Third, a coherent cosmology that, while not answering the “why is their stuff?” question still answers the question “why is there evil?” which to me is a much more relevant and important question. This is where Mormonism has the strengths of atheism. Atheism doesn’t have to account for suffering and evil. Theism does. Why does an all-wise, powerful, and good God allow suffering? Especially if he’s creating the universe ex nihilo? I think if you’re a traditional monotheist, something has to go. Either God is not all-powerful, he doesn’t know everything and so something he didn’t anticipate screwed up his project, or he’s malicious. Or you can take the Mormon approach, that he isn’t responsible for everything in a brute way he is if he created everything ex nihilo. The denial of that traditional doctrine gets LDS out of so many tight spots, theologically. I’d rather worship a God that can explain why evil and suffering exist and can’t explain why stuff exists as well (however, I’m limited in my thinking to 3 dimensions and linear time, so I’m open to the possibility that I won’t even get the answer anyway to the "stuff" question anyway) than a God that can explain why stuff exists but not why there is evil and suffering. We have the strengths of atheism, and those are considerable.

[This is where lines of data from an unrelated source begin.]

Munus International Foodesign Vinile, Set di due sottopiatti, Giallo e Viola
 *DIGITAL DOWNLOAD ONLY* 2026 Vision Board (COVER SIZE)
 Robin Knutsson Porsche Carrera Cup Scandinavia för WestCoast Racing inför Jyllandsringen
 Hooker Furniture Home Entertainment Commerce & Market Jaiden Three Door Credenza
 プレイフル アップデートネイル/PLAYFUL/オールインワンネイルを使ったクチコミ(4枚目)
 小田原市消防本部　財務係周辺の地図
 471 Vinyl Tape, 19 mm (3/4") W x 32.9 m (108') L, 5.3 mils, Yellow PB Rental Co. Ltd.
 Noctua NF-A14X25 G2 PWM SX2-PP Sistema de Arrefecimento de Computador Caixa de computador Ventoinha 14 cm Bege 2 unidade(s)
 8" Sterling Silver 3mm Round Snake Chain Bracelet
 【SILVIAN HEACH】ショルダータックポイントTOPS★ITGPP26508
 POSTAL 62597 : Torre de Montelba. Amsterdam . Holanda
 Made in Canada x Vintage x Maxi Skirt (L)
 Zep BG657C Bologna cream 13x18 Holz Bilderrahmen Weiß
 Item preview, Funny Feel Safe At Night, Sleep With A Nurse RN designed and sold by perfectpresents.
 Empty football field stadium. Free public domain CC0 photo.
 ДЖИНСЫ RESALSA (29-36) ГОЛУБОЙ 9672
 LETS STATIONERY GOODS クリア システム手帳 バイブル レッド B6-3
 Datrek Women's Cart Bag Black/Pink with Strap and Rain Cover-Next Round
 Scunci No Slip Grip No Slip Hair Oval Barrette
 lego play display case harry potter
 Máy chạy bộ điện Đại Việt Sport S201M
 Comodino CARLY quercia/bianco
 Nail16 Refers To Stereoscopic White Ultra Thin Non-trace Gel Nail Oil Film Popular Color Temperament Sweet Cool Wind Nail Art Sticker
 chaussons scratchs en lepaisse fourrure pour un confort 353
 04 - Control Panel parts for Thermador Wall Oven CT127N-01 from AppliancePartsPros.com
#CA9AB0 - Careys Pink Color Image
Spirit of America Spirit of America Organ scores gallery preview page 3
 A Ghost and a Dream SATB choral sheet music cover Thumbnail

Fourth, the priesthood. I remember my deacon advisor Tooie Leonard remarking to us that we had more authority to act in the name of God than the pope.
And finally, it’s true. All of it. The Book of Mormon (wipe that smirk off your face Devan, and read the actual research real trained Mormon scholars have done). Joseph Smith. Thomas S. Monson. Temples. Ordinances. Sealings. Salvation.
Jesus Christ, and His "only true and living church" (D&C 1:30).
So, while I have Holy Envy for some of the things Catholics have that I wish we Mormons did better, that in no way is to state that I’m ever going to abandon Mormonism for Catholicism, or Buddhism, or any other religion for which I have Holy Envy.
Here I stand. I can do no other.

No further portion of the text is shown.